• **HOW TO COMPLETE THIS TASK**
Write out nothing but the lines from the first line of the entries below through the line with "Handmade Easter egg"; no pictures go in.

=== Section Start ===

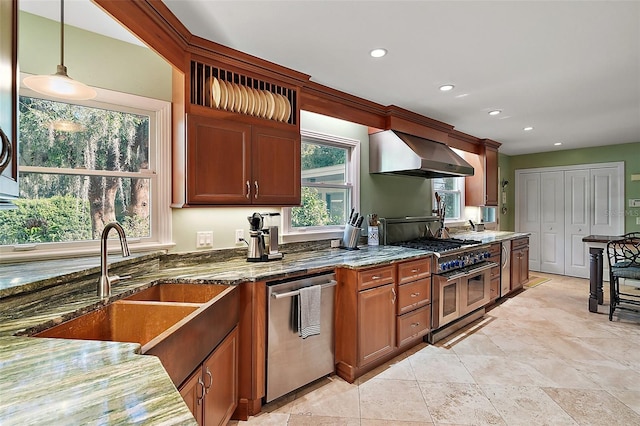 kitchen featuring sink, hanging light fixtures, stainless steel appliances, wall chimney range hood, and dark stone counters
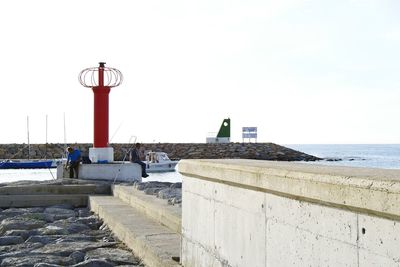 Man by retaining wall against clear sky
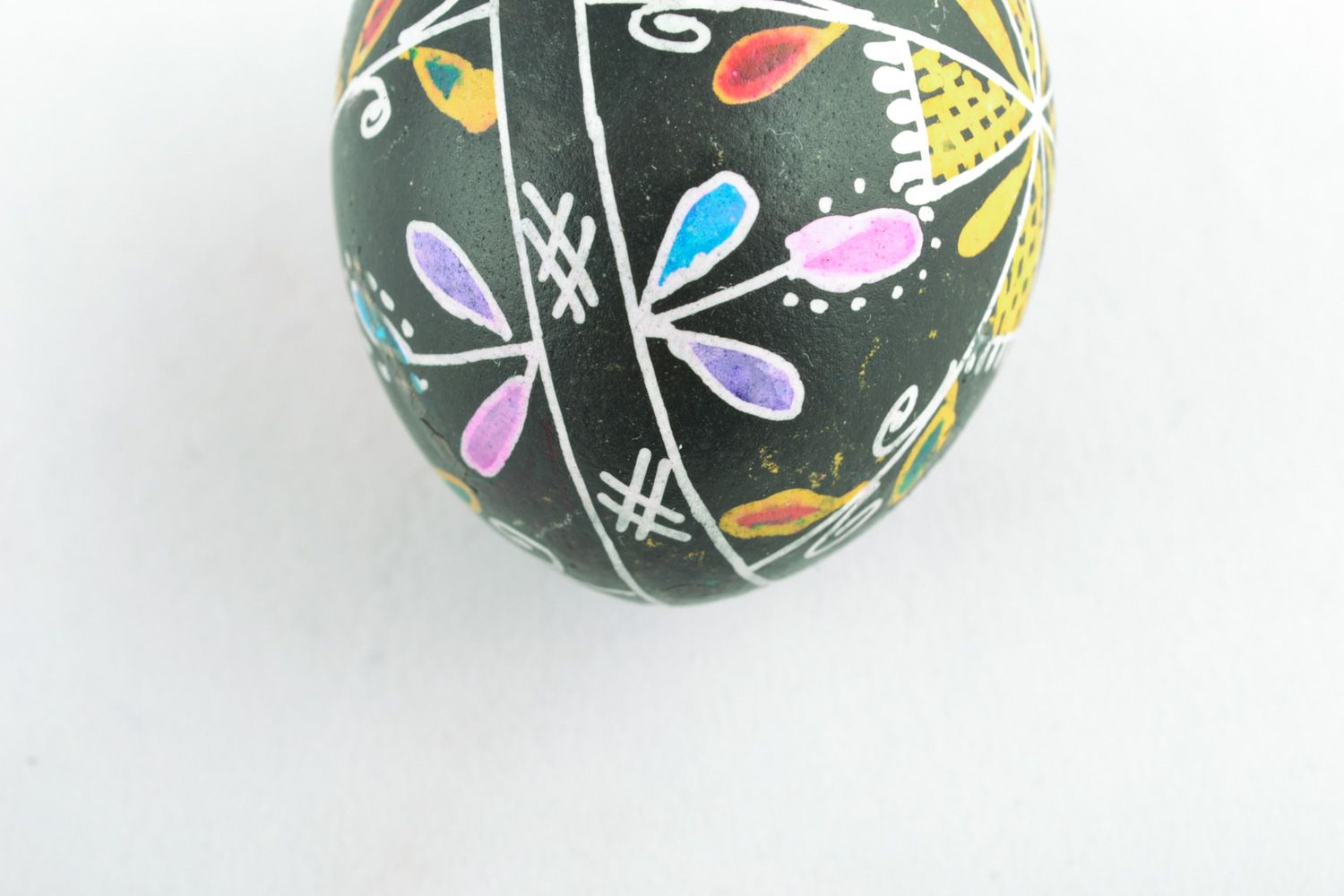 Handmade Easter egg with floral ornament on black background painted with wax photo 3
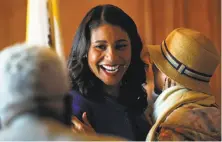  ?? Scott Strazzante / The Chronicle ?? San Francisco Mayor London Breed greets the public in the receiving line after Breed’s inaugurati­on at City Hall.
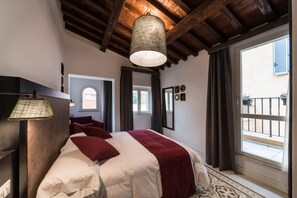Ein Schlafzimmer mit Bett, einer Pendelleuchte, einem Fenster und einem Balkon.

=== Section End ===

• **SOLUTION FOR THIS EXERCISE**
 kitchen featuring sink, hanging light fixtures, stainless steel appliances, wall chimney range hood, and dark stone counters
 Man by retaining wall against clear sky
 Handmade Easter egg with floral ornament on black background painted with wax photo 3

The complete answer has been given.